Na Semana Santa de 2016 escrevi um breve texto sobre essa necessidade que o status quo tem de esmagar os pobres no país -e aqueles que os defendem. Como se fez com Marielle Franco, Dorothy Stang, Santo Dias, Marighella, Josimo Tavares, Gregório Bezerra, Margaria Maria Alves intentam-se fazer agora com Júlio Lancellotti. [Por sugestão do amigo RIcardo Venturino, ativo integrante da Pastoral do Povo da Rua, retomo e amplio, com algumas adaptações].
Pois não basta vivermos num dos países mais desiguais do mundo -apenas 6 bilionários detêm mais riqueza que 100 milhões de pessoas no país. Não basta que o 1% mais rico da população ganhe em um mês o que aqueles que vivem de salário mínimo recebem em quatro anos de trabalho (leia aqui).

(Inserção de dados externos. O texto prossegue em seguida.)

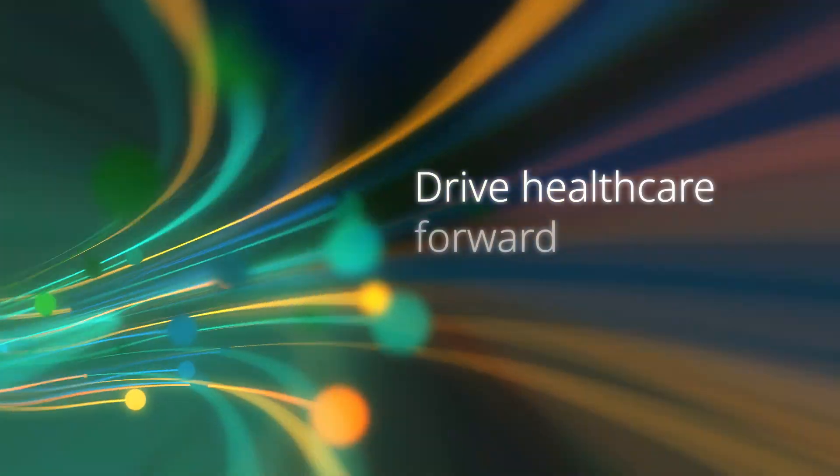With deeper insights, meaningful innovations, and powerful capabilities, you can drive healthcare forward.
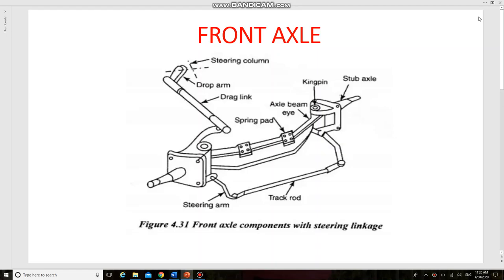Dear students, in this video we are going to see the construction, function, and working of the front axle. The major unit on the front part of a motor vehicle is the front axle. It takes the weight of the front portion of the automobile, provides steering facility, and absorbs shocks.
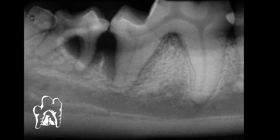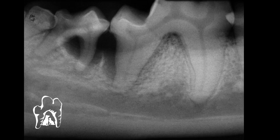Even if it's not that bad, we want to extract that. That also accomplishes exposing that area better so we can see down in there and clean that defect much more readily.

Não, isso não basta. É preciso destruir com o Bolsa Família, é preciso impedir que os pobres se organizem e protestem (a PM existe para isso), é preciso que uma parte considerável do país considere a desigualdade “natural”, acredite que os mais pobres são “vagabundos”. É imprescindível denunciar os pobres quando se organizam, é crucial desmoralizá-los. Para isso existe a Globo e seu império de comunicação. Para isso existem as outras TVs, rádios, jornais e revistas.
Assim foi desde o início do país. Nos primeiros séculos as elites não se satisfaziam em escravizar os indígenas e depois os negros. Era necessário desmoralizá-los, gravar em sua pele as marcas do ferro em brasa e das correntes e em seu rosto e sua alma as mesmas pechas de hoje: vagabundos, ordinários, preguiçosos. .
É preciso esmagar.
Eles são “do MST”, são “mendigos”, são “peões”. Não têm nome. Não existe João, Maria, José, Pedro, Ana, Marta com seu filhos e filhas, pessoas que choram e riem. Não é suficiente que eles morem, às vezes anos a fio, debaixo de barracas de plástico preto ou em acampamentos improvisados ou em palafitas, cortiços, barracos ou simplesmente na rua. Não interessa a fome, a angústia, o choro. Nada importa: eles são os pobres. Não importa: são malandros, querendo usurpar o que é “nosso”.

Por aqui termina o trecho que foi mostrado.